Understanding why Table.Buffer makes a difference in dependency chain
I understand from Google that using Table.Buffer is often a good idea when multiple steps within a query will be referencing the same Table. But it seems from my experimentations that it's also a good idea when there are other downstream queries in the query dependency chain.
As per the question I posted here, I have a bunch of queries in a chain that are somewhat recursive in nature: I am finding matching between two data sources where the date doesn't always match, so I progressively match the tables on larger values of a 'tolerance' factor X using this condition:
Table1.Date = Table2.Date +/- X
And I'm effectiviely running this in a loop for values of X between 1 to 7, and removing successful matches on each pass leaving just unsuccessful ones. This lets me progressively increase the 'mismatch' tolerence on those dates, and remove matches at each pass leaving just the unmatched rows to do increasingly desperate matches on.
My query performs the following steps:
Loads data from Table1 and Table2, and does an inner join on unique ID and Date
Effectively removes these matches from Table1 and Table2 via an anti-join against each referenced table.
Does an inner join on the remaining records, but this time offsets the dates in the Port table by +/- 1 day. This finds some more matches.
Performs steps 2 and 3 over and over, increasing the date offset by 1 each time until I have captured all date mismatches up to a week.
The query dependency tree that results looks like so:
I've found that using Table.Buffer on both Tables whenever I do a join dramatically increases (whoops) decreases execution time.

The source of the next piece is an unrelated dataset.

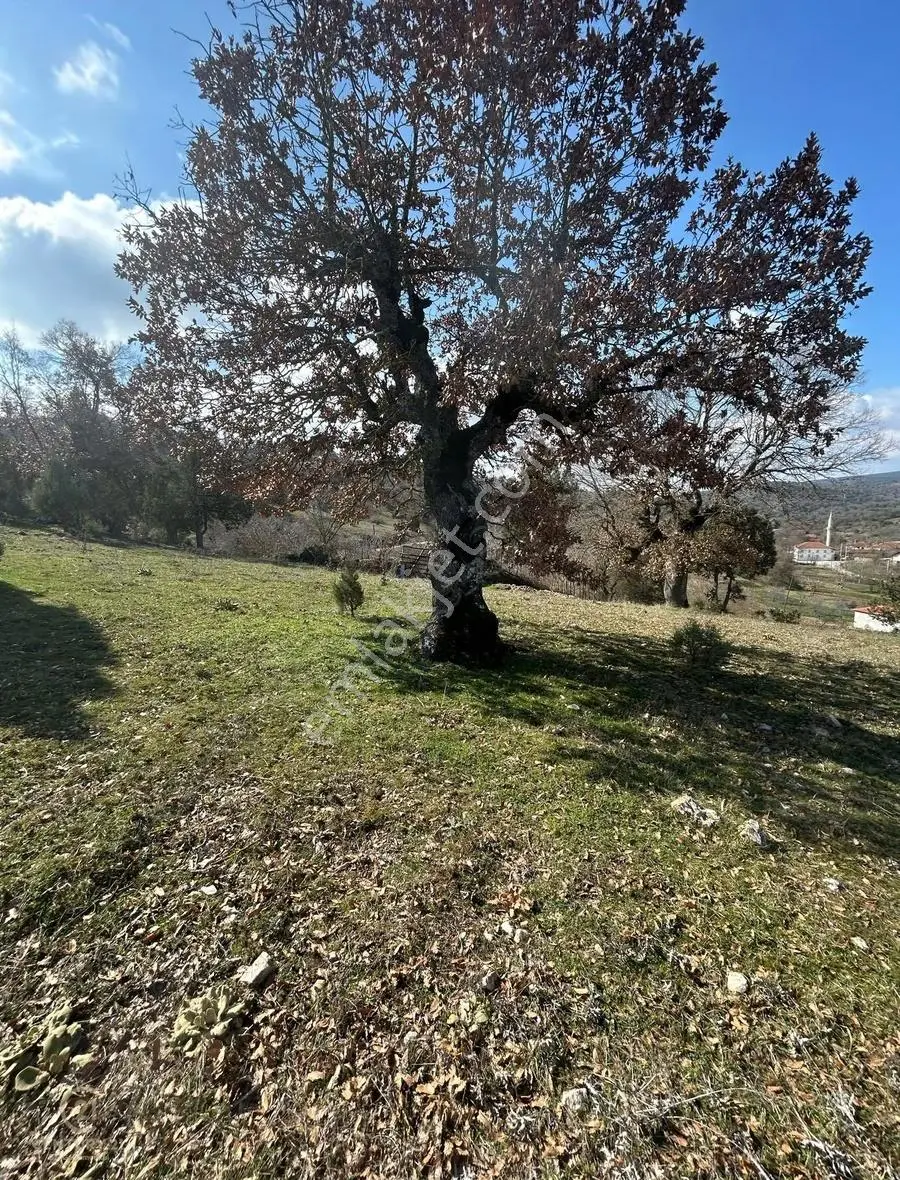 C21'dan Dursunbey Karapınar Satılık Arsa - Görsel 5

In this file, with no Table.Buffer, it takes about 17 seconds to run through the chain:
Wow....putting Table.Buffer around any steps that referenced previous queries reduced my load time from potentially hours to one and a half minutes. (I say potentially hours, because I'd never dared to load all 30k rows of data for both Tables at once, nor attempted to make as many as 7 recursive steps. Even just loading one tenth of the data for 5 steps was taking a good 10 minutes or more).
I take it that I want to buffer each input just once, as soon as it appears in the current query that is referencing previous ones?
Say you have a query Q4 that references Q2 and Q3. And say Q2 and Q3 both reference Q1. And say Q1 is pulling from a flat file. According to Erhen at Microsoft, if you're pulling from a flat file - and because File.Contents results aren't cached - the flat file will be read 5 times! It gets read each time Q1 is directly or indirectly referenced: twice in Q4, once in Q3, Q2, and Q1. And I believe he’s saying that this is the case for either Excel or PBI.
So…when doing any kind of complicated chain, the code produced from the UI just flat out sucks! And that is an epic fail for a tool that is designed to be used by non-experts via the UI.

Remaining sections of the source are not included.